Dans le roman, comme d'habitude, notre puissant écrivain n'y va pas par quatre chemins, et tous les procédés littérairse sont employés : description sardonique, discours pathétiques, dialogues ironiques servent ensemble à dévoiler la cuisine de la gloire, ainsi que le dit génialement Balzac. Là, en l'occurence, Lousteau, fascinant personnage clef de l'oeuvre, est en ne peut plus explicite. J'admire sa phrase brève qui résume tous les longs discours qu'il a tenu auparavant à Lucien de Rubempré. Comment ne pas songer directement à Kant en l'écoutant, ce conseil cynique ? "Agis de façon que tu traites l'humanité, aussi bien dans ta personne que dans tout autre, toujours en même temps comme fin, et jamais simplement comme moyen." La lecture de Kant jointe à celle de Balzac permet d'établir ceci : il est rigoureusement impossible d'être moral dans le monde commercial du journalisme et de l'édition ; on pourrait aller jusqu'à dire que la moralité est absolument contraire à la satisfaction de la passion de l'ambition. Entre parvenir et vivre moralement, il faut choisir ; le choix est en général si vite fait que la question ne se pose même pas. Au moins, au début du XIXème siècle, la question se posait, ce qui est déjà beaucoup ; désormais, la moralité n'existe même pas comme question. 

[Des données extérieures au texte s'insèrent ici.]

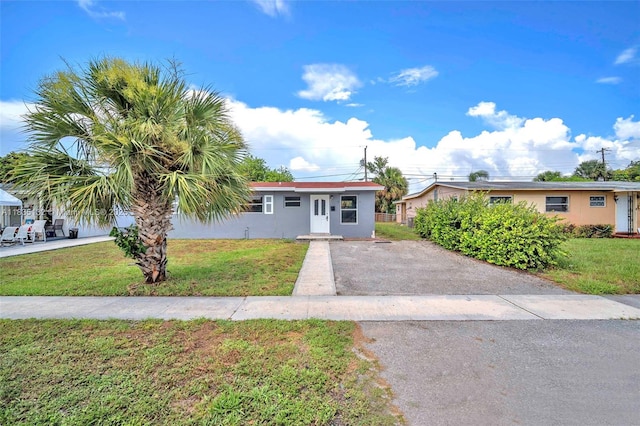 1408 9th St, West Palm Beach, FL 33401 - ranch-style home with asphalt driveway, a front lawn, and stucco siding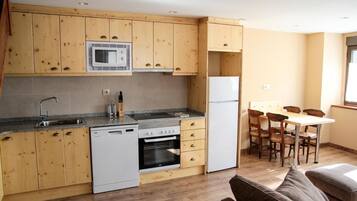 Cocina compacta con muebles de madera, microondas, estufa y refrigerador. Cuenta con una zona de comedor con mesa y sillas.
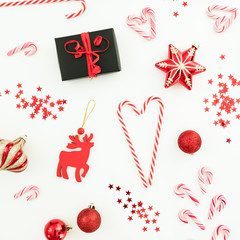Christmas composition. Surprise gift, red toys, candy canes and confetti on white background. Flat lay, top view.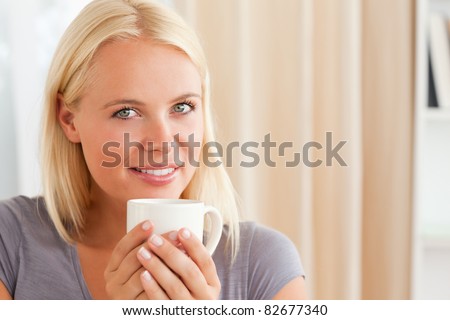 Calm woman sitting on a couch with a cup of tea in her livng room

Pourtant, il me semble que nous pourrions sortir la maxime de Kant de la moralité pure et strictement théorique ; je veux dire qu'elle ne me semble pas impossible à pratiquer, si tant est que l'on a un mode de vie pouvant correspondre à l'exigence de la maxime. Il s'agit d'un effort permanent à faire sur soi en cherchant sans cesse à voir l'être humain en son semblable, le reconnaître comme un frère, et ce, quel que soit la situation donnée. Alors évidemment, lorsque notre seul objectif dans la vie est de gravir les vaines échelles de la vie sociale, les exigences de la maxime paraissent utopiques ; en effet, parvenir, c'est maîtriser l'argent, c'est être capable de voir dans tous les individus qui nous  un moyen d'augmenter son capital, ce qui est de toute façon inévitable si l'on se souvient que l'argent, par définition, ne saurait jamais être une fin. On comprend donc aisément pourquoi le mode de vie capitaliste, entièrement fondé sur l'argent et donc sur le culte d'un simple moyen, s'oppose totalement à toute forme de vie morale. On ne saurait espérer qu'une majorité d'hommes choisissent le chemin de la vie morale ; que le vulgaire tende à la bassesse pratique plutôt qu'à la moralité désintéressée n'est certes pas une découverte ; toutefois, on pourrait légitimement attendre de nos semblables encrassés dans la triste vie capitaliste qu'ils ne donnent pas de leçon de morale, comme ils ne se privent pas de le faire. Ce qui est insupportable, ce n'est pas le vice, souvent charmant comme le diable, mais les belles âmes, ces déchets roses de l'humanité qui font les pires infâmies en tenant des discours puant la condescendance et la honte de la fausse bonne conscience.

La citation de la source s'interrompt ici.